Al Gore highlighted the “Sustainability revolution” as the biggest investment opportunity in the world, with green hydrogen being the solution the fossil fuel industry had been hoping that it would never be found. In 2020, 90 percent of newly added electricity capacity worldwide came from renewable energy sources, mainly solar and wind energy. Scaling this up demands international cooperation, and  the pledge of the US, the UK and the EU to provide US$8.5 billion to help South Africa transition to solar electricity may provide a model for such targeted cooperation.

The timing for this forceful speech was certainly well chosen. It came shortly after the COP26 Presidency had announced two “soft” law instruments as major outcomes of the first week, one concerning the end to deforestation, and the second one sending “coal on its way out”.

133 Parties, including the European Union, have signed up to the Glasgow Leaders’ Declaration on Forests and Land Use and together, they represent 90.07% of the planet’s forests. All signatories have committed collectively to halt and reverse forest loss by 2030 (links to full statements and reports are provided at the end of this blog). The declaration is a positive step, not least because it stresses the interconnectivity of different binding international treaties. This emphasis on the interdependency of forests, biodiversity and sustainable land use is a concretisation and a re-affirmation of existing commitments, with references in the text to the collective and individual commitments that exist under the UN Framework Convention on Climate Change, the Paris Agreement, the Convention on Biological Diversity, the UN Convention to Combat Desertification, the Sustainable Development Goals and under “other relevant initiatives”. The declaration is also a success because Australia, Brazil, China, as well as Russia and the US have signed up to it. The exact scope of the commitments will depend on the interpretation of critical words such as “reverse”.

A significantly smaller number of twelve signatories, including Canada, Germany, Japan, the EU, Norway and the US has agreed to the Global Forest Finance Pledge. The pledge announces the “Intention to collectively provide US$12 billion for forest-related climate finance between 2021-2025” in the hope that this will “incentivise results and support action in Official Development Assistance (ODA) eligible forest countries where increased ambition and concrete steps are shown towards ending deforestation by no later than 2030.”

The second major commitment concerns the Global Coal to Clean Power Transition Statement. The text is not binding but somewhat resembles an international treaty, with four paragraphs setting out the commitments for signatories. It starts with a brief preamble “We, the undersigned, noting that coal power generation is the single biggest cause of global temperature increases, recognise the imperative to urgently scale-up the deployment of clean power to accelerate the energy transition.” The statement includes the shared vision to accelerate ending unabated coal power generation, in order to meet the Paris Agreement’s temperature targets, while ensuring access to “affordable, reliable, sustainable and modern energy for all by 2030 (SDG7)”.

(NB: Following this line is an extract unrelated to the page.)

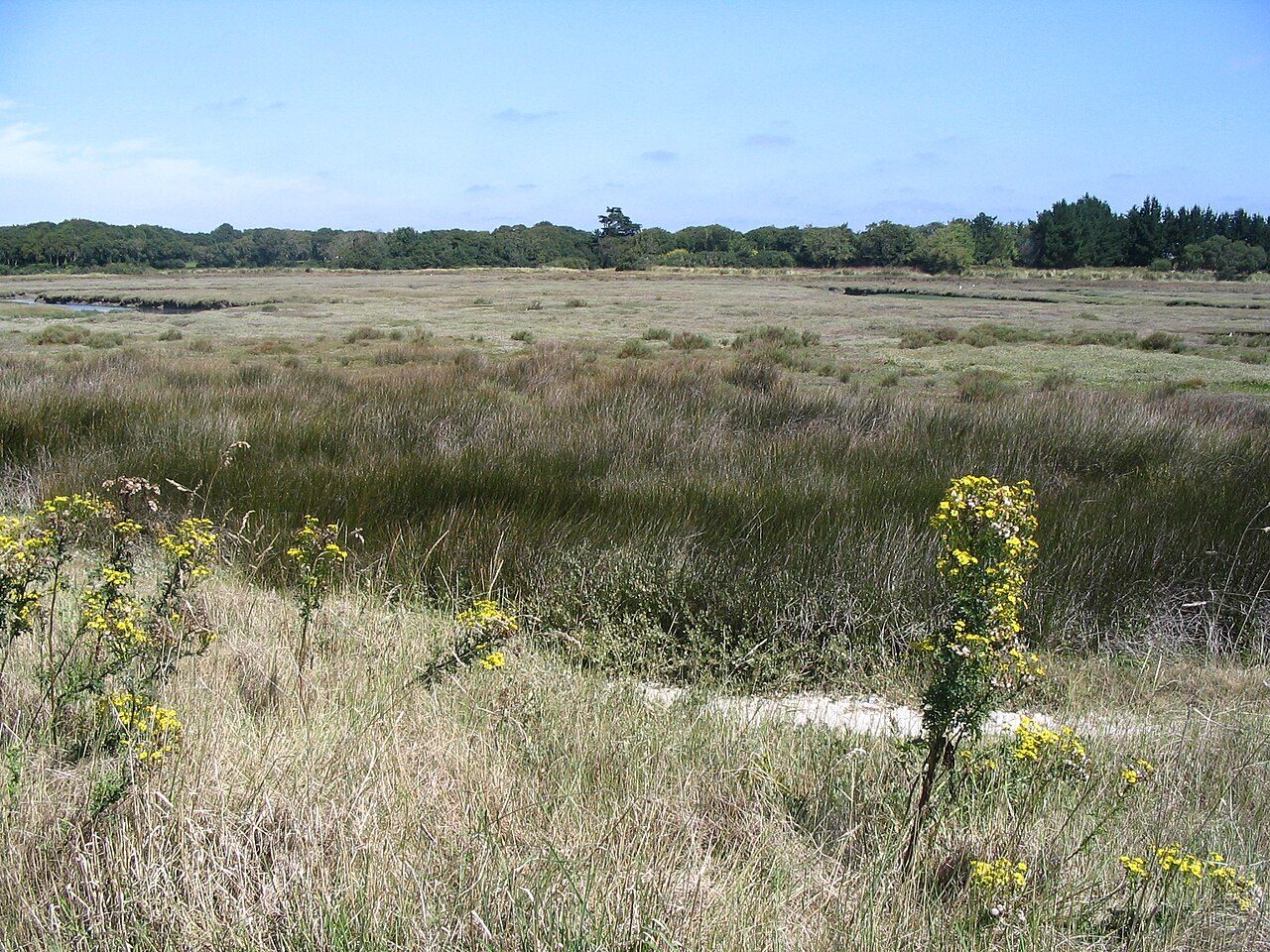 Le Polder de Mousterlin à Fouesnant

This introduction is followed by four “operational” paragraphs.

 

The first sets the objective to

 “[R]apidly scale up our deployment of clean power generation and energy efficiency measures in our economies, and to support other countries to do the same, recognising the leadership shown by countries making ambitious commitments, including through support from the Energy Transition Council” (ETC).

The ETC was launched by the UK Government ahead of COP26, as part of its COP26 Presidency. The purpose of the ETC is to support countries in meeting their energy demand while moving away from fossil fuels, and ensuring a just transition. The ETC connects partner countries through dialogues and involves key stakeholders for solution-oriented and needs driven approaches. As part of the 2022 strategic priorities it was agreed at COP26 that the ETC will continue at least until COP30 in 2025. A project with the ETC concerning legal support for raising ambition under the Paris Agreement is ongoing at Durham Law School.

The second paragraph of the statement refers to rapidly scaling up the technological means and policies in this decade that are necessary to

“[A]chieve a transition away from unabated coal power generation in the 2030s (or as soon as possible thereafter) for major economies and in the 2040s (or as soon as possible thereafter) globally, consistent with our climate targets and the Paris Agreement, recognising the leadership shown by countries making ambitious commitments, including through the Powering Past Coal Alliance.”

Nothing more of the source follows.